**Given information**
....................

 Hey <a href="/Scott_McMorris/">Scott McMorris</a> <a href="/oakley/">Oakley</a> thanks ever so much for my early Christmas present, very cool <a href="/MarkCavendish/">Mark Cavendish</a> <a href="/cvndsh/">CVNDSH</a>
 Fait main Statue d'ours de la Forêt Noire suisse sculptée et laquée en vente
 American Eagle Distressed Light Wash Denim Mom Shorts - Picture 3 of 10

....................

**Work item**
Repeat, word for word, every line above.

**Solution for this exercise**
 Hey <a href="/Scott_McMorris/">Scott McMorris</a> <a href="/oakley/">Oakley</a> thanks ever so much for my early Christmas present, very cool <a href="/MarkCavendish/">Mark Cavendish</a> <a href="/cvndsh/">CVNDSH</a>
 Fait main Statue d'ours de la Forêt Noire suisse sculptée et laquée en vente
 American Eagle Distressed Light Wash Denim Mom Shorts - Picture 3 of 10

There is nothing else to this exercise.